Dead Shutter
This is one of those stories whose truthfulness simply cannot be proven or disproven, and none of my subsequent experiences with the items involved in our transaction has lent any credibility to the suggestion that these things really happened. What is beyond doubt, however, is that I got a particularly good deal on my acquisition.
It all began with an advertisement in the newspaper. Professional camera equipment—bodies, lenses, flash lights, tripods, batteries—for sale. Everything must go. Will accept any reasonable offer. It gave the address of a coffee shop in Taipei’s Songshan District. As a budding amateur photographer, I had recently wanted to upgrade my mid-range digital camera to something more advanced, but the prohibitively high prices of the models that I was interested in had forced me to put such dreams on hold. Perhaps secondhand was the better alternative.
I visited the coffee shop the following day during lunch break. Heavy rain was pelting the windshield as my taxi turned into the small alley and came to a stop in front of the store. The five seconds it took me to dash from the vehicle to the front door were enough to leave me completely drenched. I opened the glass door, which triggered a small bell, and stepped in. To my left, antique camera equipment was on display along several shelves. There were also piles of old photography magazines. On the right was the coffee shop proper. After spending what I thought was an appropriate length of time perusing the items on the shelves, I turned around and saw that the ten tables or so were empty of customers. some indistinct music was playing faintly off a hidden speaker in a corer. In the far corner, one man whom I assumed was the owner of the store was seated at a large wooden table upon which various camera items had been arranged by category—bodies to one side, various lenses, from micros to telephoto, all standing vertically, to another. The sheer quantity of equipment was astounding, and my first thought was that those were perhaps stolen goods.

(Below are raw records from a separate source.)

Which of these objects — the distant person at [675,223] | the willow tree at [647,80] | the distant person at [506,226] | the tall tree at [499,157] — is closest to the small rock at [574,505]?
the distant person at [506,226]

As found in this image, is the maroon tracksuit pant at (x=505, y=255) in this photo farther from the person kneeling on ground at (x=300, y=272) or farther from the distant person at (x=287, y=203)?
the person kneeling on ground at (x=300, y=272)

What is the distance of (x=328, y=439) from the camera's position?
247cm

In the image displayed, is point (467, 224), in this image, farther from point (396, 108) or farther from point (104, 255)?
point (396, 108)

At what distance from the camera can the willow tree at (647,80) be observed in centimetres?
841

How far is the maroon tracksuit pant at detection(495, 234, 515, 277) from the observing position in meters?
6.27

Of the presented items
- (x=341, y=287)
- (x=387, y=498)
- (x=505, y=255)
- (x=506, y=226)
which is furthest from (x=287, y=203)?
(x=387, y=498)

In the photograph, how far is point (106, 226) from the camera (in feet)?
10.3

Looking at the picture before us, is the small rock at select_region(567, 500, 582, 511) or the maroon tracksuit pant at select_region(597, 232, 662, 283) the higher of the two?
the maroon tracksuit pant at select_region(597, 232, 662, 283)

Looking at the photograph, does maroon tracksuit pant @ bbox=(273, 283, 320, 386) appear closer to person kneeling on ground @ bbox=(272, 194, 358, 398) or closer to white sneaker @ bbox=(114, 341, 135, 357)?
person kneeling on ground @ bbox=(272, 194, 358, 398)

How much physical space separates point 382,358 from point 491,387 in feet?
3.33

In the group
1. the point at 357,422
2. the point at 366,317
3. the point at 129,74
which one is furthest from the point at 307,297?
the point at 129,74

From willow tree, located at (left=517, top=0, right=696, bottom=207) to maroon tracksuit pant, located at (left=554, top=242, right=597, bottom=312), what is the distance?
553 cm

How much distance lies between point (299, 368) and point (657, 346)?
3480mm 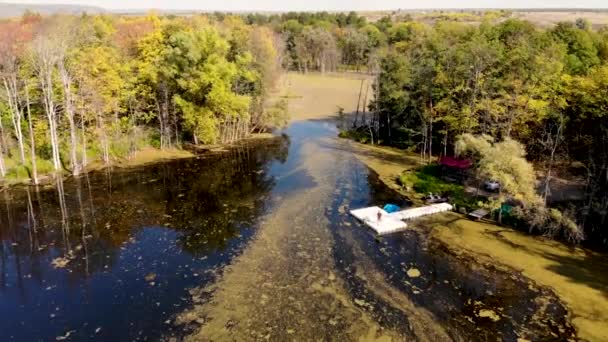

My apprehensions were not helped by the appearance of the man himself, who with his long, unkept salt-and-pepper hair, thick mustache and goatee, and nicotine-stained stubby fingers, looked like someone who slept in a park at night. He looked like he should smell bad, but in actuality he didn’t. As I walked toward the table, the man looked up and stared at me with eyes that spoke of a lifetime lived, despite the fact that he could not have been older than in his late forties. His skin was dark copper, suggesting long hours spent in the sun, and the crows’ feet on the sides of his eyes traced what I could only describe as a map of pain. I put all these observations aside and approached the man.
“You’re here about the ad?” the man asked.
“Yes,” I said.
“Have a seat.” His voice was deep and disquietingly emotionless. “There’s a little of everything, and more at the back.”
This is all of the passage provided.